Atualizado em 6 de dezembro de 2015 às 21:09
A mãe de uma das vítimas da chacina de Costa Barros
A mãe de uma das vítimas da chacina de Costa Barros

 

Há uma semelhança entre o fuzilamento de cinco rapazes em Costa Barros, zona norte do Rio de Janeiro, e o assassinato que marcou o surgimento da Scuderie Le Cocq, grupo de extermínio formado por policiais com atuação entre os anos 60 e início de 2000.

Nos anos 60, o proxeneta e achacador de bicheiros Cara de Cavalo foi abatido por 52 disparos como vingança pela morte do detetive Milton Le Cocq, após um cerco que envolveu mais de 2 mil policiais de quatro estados.

Os ares cinematográficos da ação foram destaque no noticiário e motivo de orgulho para os autores da emboscada, que saíram prestigiados pela sociedade da época. “Então todo mundo atirou no bandido. Mais de cem tiros. O umbigo do cara ficou colado na parede”, disse o delegado Sivuca, que mais tarde seria eleito deputado estadual.

Cinco décadas depois, um grupo de jovens negros foi executado com 111 disparos.  Ao contrário de Cara de Cavalo, executado depois de matar o detetive Le Cocq durante uma troca de tiros, os rapazes foram mortos sem nenhuma justificativa.

Como os vingadores do detetive Le Cocq, os quatro policiais militares acusados de fuzilar os cincos jovens no subúrbio do Rio de Janeiro teriam comemorado após descarregar suas armas.

Porém, diferentemente da ação que fundou a Scuderie Le Cocq, o excesso de disparos pode ter sido a ruína dos soldados Thiago Resende Viana Barbosa e Antônio Carlos Gonçalves Filho, do sargento Márcio Darcy Alves dos Santos e do cabo Fabio Pizza Oliveira da Silva.

Se tivessem apertado os gatilhos com parcimônia, seria possível alegar que as mortes ocorreram em um “auto de resistência” e escapar da prisão e expulsão dos quadros da polícia.

As consequências da fuzilaria, porém, têm tudo para ficar só por isso mesmo, por causa da forma como as autoridades trataram o assunto.
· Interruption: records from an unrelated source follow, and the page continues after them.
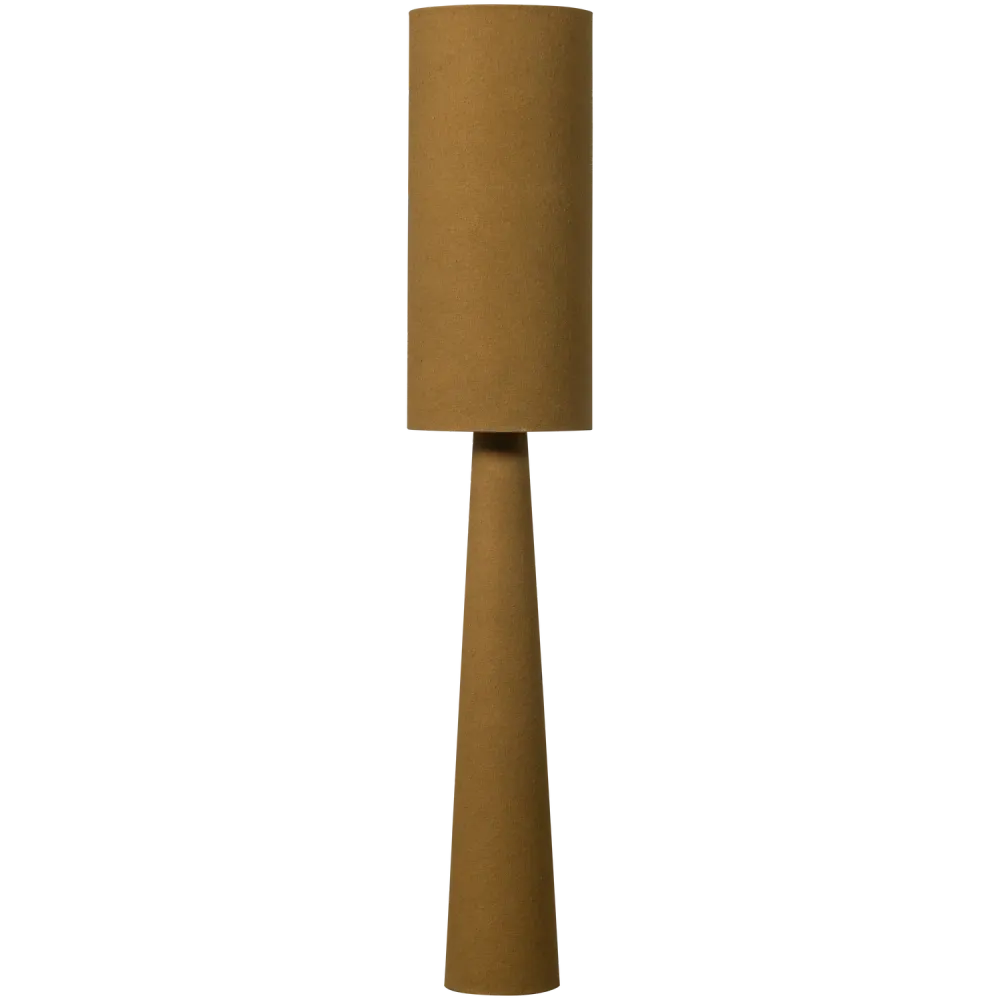 WOOOD vloerlamp xl Loft - Metaal/Bouclé - Tapenade 187xØ35 cm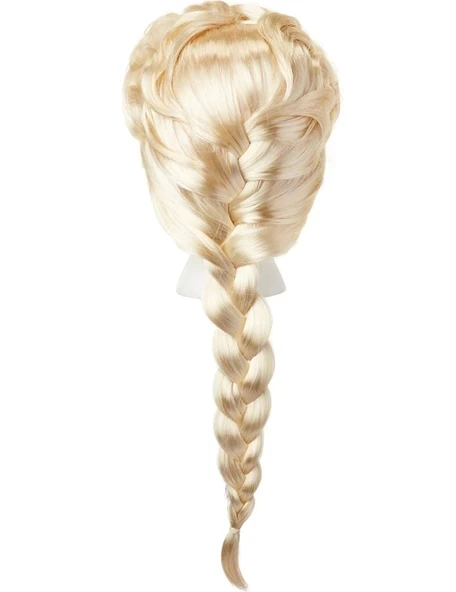 CEYLAN ADAM   Platin Altın Dore Renk Karlar Ülkesi Elsa Frozen Peruğu Çocuk Boy ürün görseli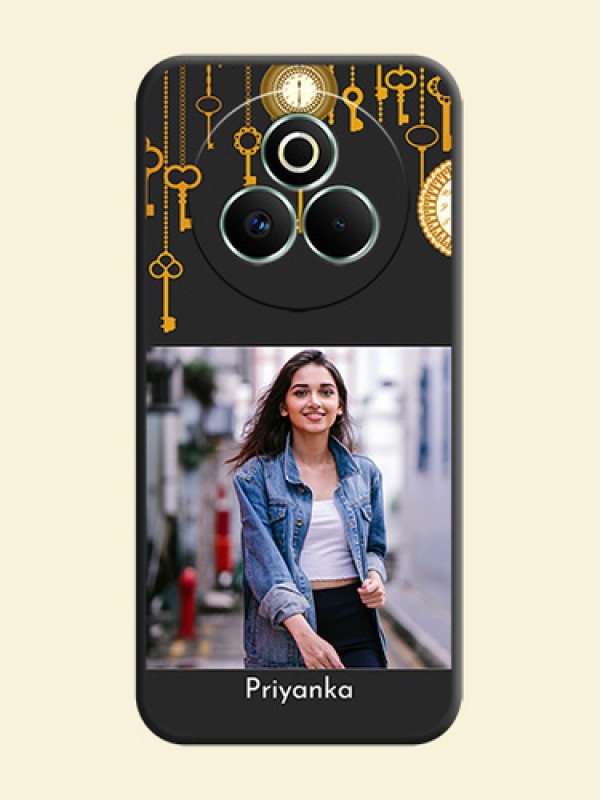 Decorative Design with Text On Space Black Custom Soft Matte Mobile Back Cover - Realme P3 Pro 5G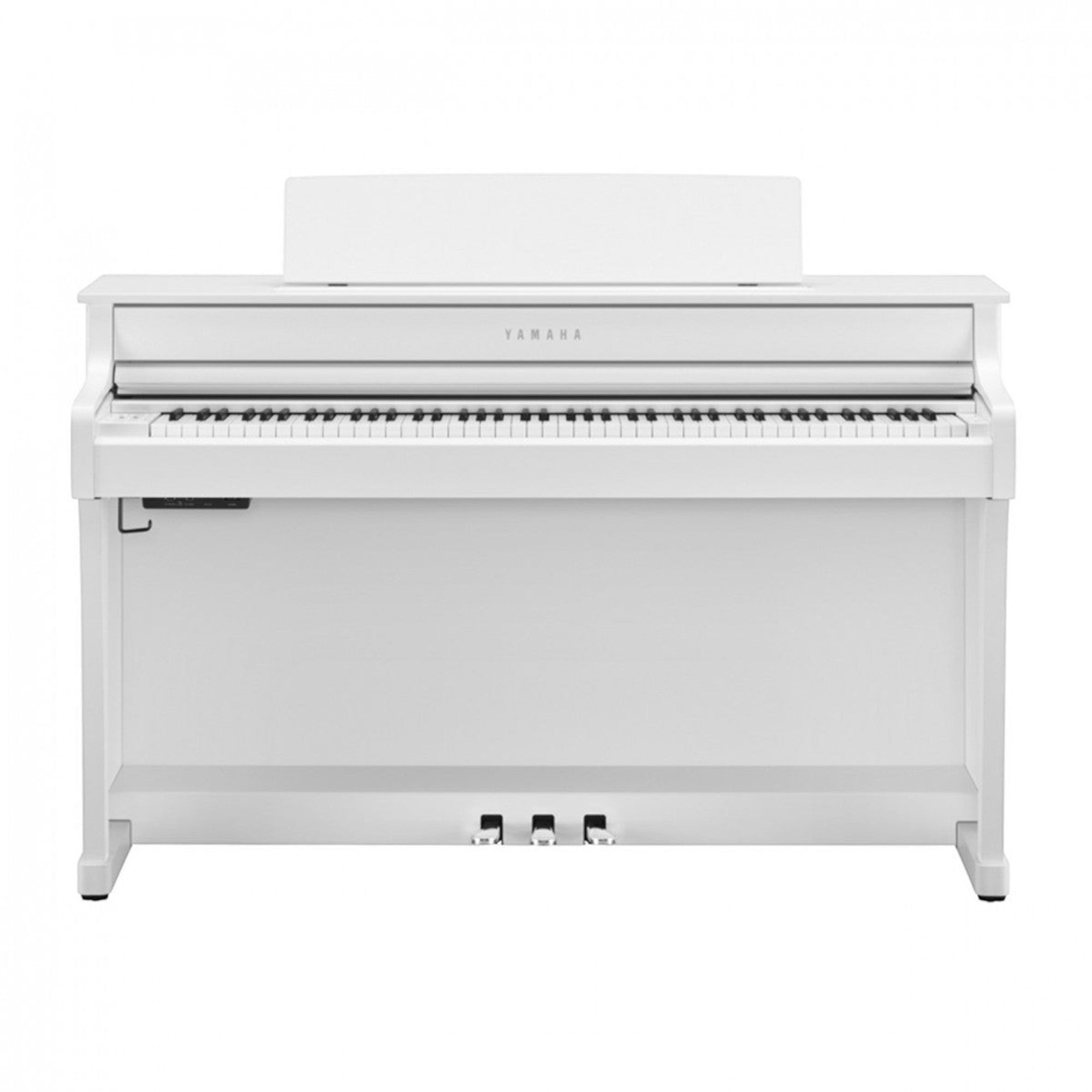 Đàn piano điện TÂN NHẠC CỤ Yamaha CLP-845 màu trắng sang trọng với bàn phím gỗ GrandTouch-S và thiết kế tủ đứng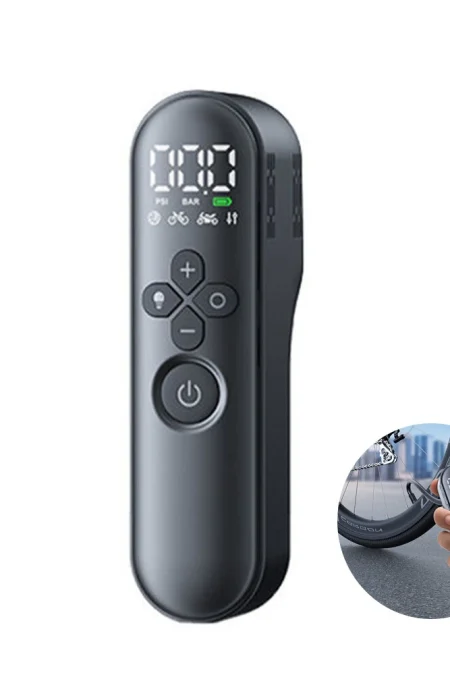 NEWO T05 120PSI Mini Electric Bike Air Pump with LED Night Light Tire Pressure Display Type-C Charging Inflator for MTB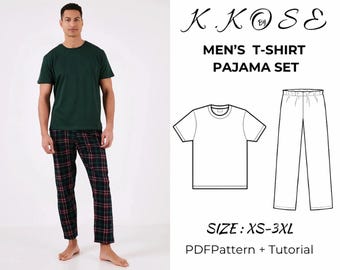 Men's Pajama Set Sewing Pattern XS-3XL (PDF Pattern)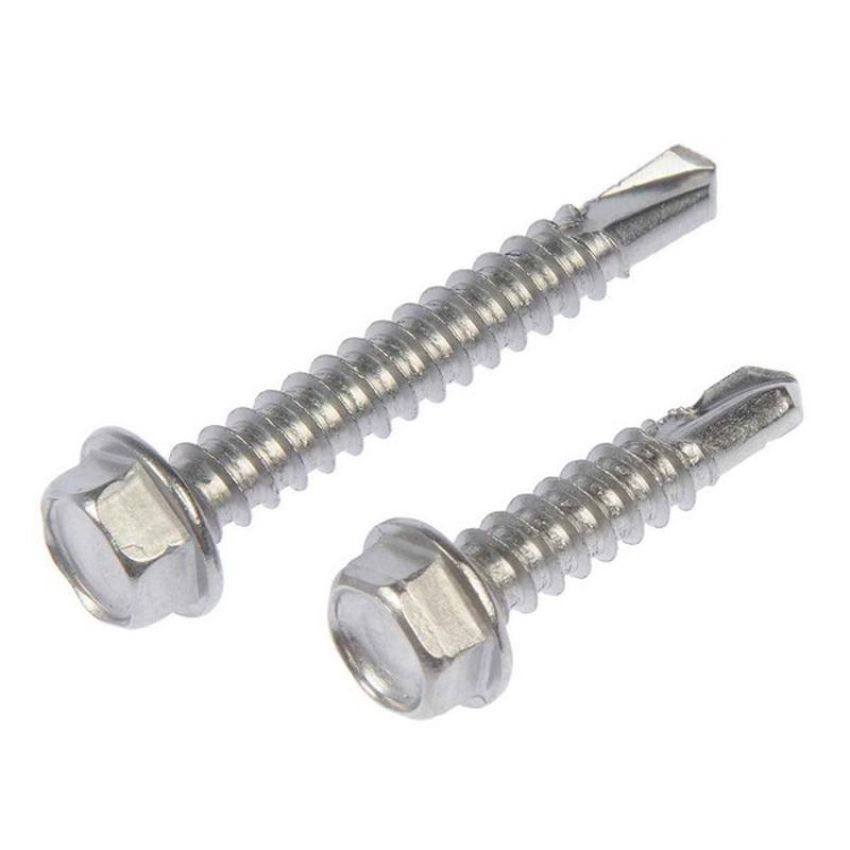 DORMAN 784-175 Self Tapping Screw-Stainless Steel-Hex Washer Head-No. 12 x 1 In., 1-1/2 In.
O governador do Rio de Janeiro, Luiz Fernando Pezão, deu a resposta óbvia de praxe.

“É abominável uma atitude como essa de pessoas treinadas para levar a paz. Cinquenta tiros em um automóvel não é normal. O Estado não vai tolerar isso. Os policiais vão ter o direito de se explicar, mas, se erraram, serão punidos. Determinei investigação rigorosa e rápida. A gente tem feito todos os esforços para acabar com essa chaga aqui no Rio. Se tiver de expulsar os policiais, vamos expulsar, como já expulsamos 123 este ano”, disse o governador.

O governo federal também ficou quieto e não emitiu sequer uma nota por meio do Ministério de Ministério das Mulheres, Igualdade Racial e Direitos Humanos.
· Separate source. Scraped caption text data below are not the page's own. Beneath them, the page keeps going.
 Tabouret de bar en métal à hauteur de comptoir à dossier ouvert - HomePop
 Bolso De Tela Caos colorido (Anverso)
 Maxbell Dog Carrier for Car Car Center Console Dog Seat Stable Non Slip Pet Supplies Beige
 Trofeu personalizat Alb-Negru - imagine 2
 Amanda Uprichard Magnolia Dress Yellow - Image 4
Até agora não houve nenhum sinal de medida concreta, como mudança na doutrina das polícias ou nos procedimentos quanto ao uso das armas de fogo, nada que de fato possa evitar que histórias como a que vitimou Roberto de Souza Penha, Carlos Eduardo da Silva de Souza, Wilton Esteves Domingos Junior, Cleiton Correa de Souza e Wesley Castro Rodrigues voltem a acontecer.
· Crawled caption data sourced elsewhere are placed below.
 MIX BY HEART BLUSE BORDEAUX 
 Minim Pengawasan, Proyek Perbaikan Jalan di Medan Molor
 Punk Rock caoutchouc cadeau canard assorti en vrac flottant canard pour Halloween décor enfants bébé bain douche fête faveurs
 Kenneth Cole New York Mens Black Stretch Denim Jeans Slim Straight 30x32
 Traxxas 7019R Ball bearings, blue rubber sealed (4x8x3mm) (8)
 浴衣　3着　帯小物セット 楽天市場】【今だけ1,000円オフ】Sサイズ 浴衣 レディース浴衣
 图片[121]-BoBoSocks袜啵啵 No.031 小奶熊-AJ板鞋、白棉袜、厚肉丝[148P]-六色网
No passado, os mais de 100 disparos contra o Cara de Cavalo foram o início de uma jornada de extermínio e abusos de direitos humanos. A chacina de Costa Barros, com a imagem de um carro perfurado por balas digna dos filmes de mafiosos, poderia fazer o caminho inverso e iniciar um movimento pelo respeito à vida dos jovens negros.

Mas tudo indica que será só mais um assassinato de jovens negros e pobres, que ainda por cima vai servir de lição para que os policiais criminosos sejam mais discretos na hora de praticar o extermínio.